Nicht einmal drei Monate hatte Michel Barnier Zeit, um sich als französischer Premierminister zu behaupten. Nun droht seiner Minderheitsregierung ein jähes Ende. Denn sowohl das linke Lager wie auch die Rechtsnationalisten in der Pariser Nationalversammlung haben angekündigt, den glücklosen Konservativen mit einem Misstrauensantrag am Mittwoch zu Fall bringen zu wollen.
Mit über drei Billionen Euro in der Kreide
Zum Verhängnis wird Barnier sein unpopuläres Haushaltsgesetz für 2025. Frankreich ist hoch verschuldet. Erst vor wenigen Tagen erinnerte der Premierminister im Fernsehen noch einmal daran, dass Paris mit mehr als 3200 Milliarden Euro in der Kreide stehe. Seine Mitte-rechts-Regierung hatte deswegen einen Sparhaushalt auf den Weg gebracht, der mit Kürzungen und Steuererhöhungen im Umfang von 60 Milliarden Euro plante.
Doch anstatt das Parlament noch einmal über das Gesetz über die künftigen Finanzrahmen für die Sozialversicherungen abstimmen zu lassen, machte Barnier am Montag von dem sogenannten 49.3-Verfahren Gebrauch. Dieses ermöglicht es dem Regierungschef, ein Gesetz ohne Abstimmung durch die Nationalversammlung zu bringen. Bei dem betroffenen Text handelt es sich um eines von zwei Gesetzen, die die Finanzierung des Staates und seiner Leistungen im kommenden Jahr sicherstellen sollen.
Vorausgegangen waren dem Exekutivdekret Wochen des Streites. Das linke Lager im Parlament, bestehend aus Sozialisten, Grünen, Kommunisten und radikalen Linken, hatte eine Zusammenarbeit mit der Barnier-Regierung von Beginn an boykottiert. Mit den aus ihrer Sicht sozial unausgewogenen Haushaltsplänen waren sie erst recht nicht einverstanden. Aber auch die Rechtsnationalisten des Rassemblement national (RN) lehnten die Sparvorschläge als «ungerecht» ab.
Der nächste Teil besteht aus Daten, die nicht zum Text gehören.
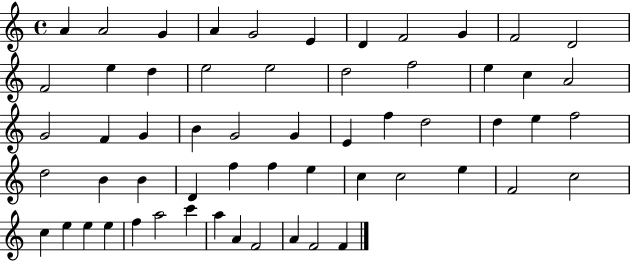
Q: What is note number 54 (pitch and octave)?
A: A4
Barnier war der Partei von Marine Le Pen noch substanziell und in mehreren Schritten entgegengekommen. Unmittelbar vor der entscheidenden Parlamentsberatung am Montag in Paris kündigte er an, geplante Kürzungen bei der Erstattung von Medikamenten aus dem Gesetzentwurf zur sozialen Sicherheit herauszuhalten. Zuvor hatte er ausserdem die neue Energiesteuer, die dem Staat 3 Millionen Euro hätte einbringen sollen, aus dem Programm gestrichen.
Doch Le Pen, die entschlossen scheint, ihre Machtposition bis zum Äussersten zu nutzen, reichten die Konzessionen nicht. Bisher hatte ihre Partei Barniers Mitte-rechts-Kabinett aus Macronisten und Konservativen still geduldet, was dem Premierminister nicht zu Unrecht den Ruf einbrachte, ein Regierungschef von Le Pens Gnaden zu sein.
Der Gebrauch des umstrittenen Verfassungsartikels 49.3 kam insofern ebenso wenig überraschend wie die umgehende Reaktion von links und rechts, die Abgeordneten binnen 48 Stunden über einen Misstrauensantrag abstimmen zu lassen. Dass das RN nun freilich mit dem verhassten Linksbündnis, das es sonst eisern bekämpft, an einem Strang ziehen will, war dann aber doch bemerkenswert. Zudem reichte die rechtsnationale Partei am Montag demonstrativ einen eigenen Misstrauensantrag ein.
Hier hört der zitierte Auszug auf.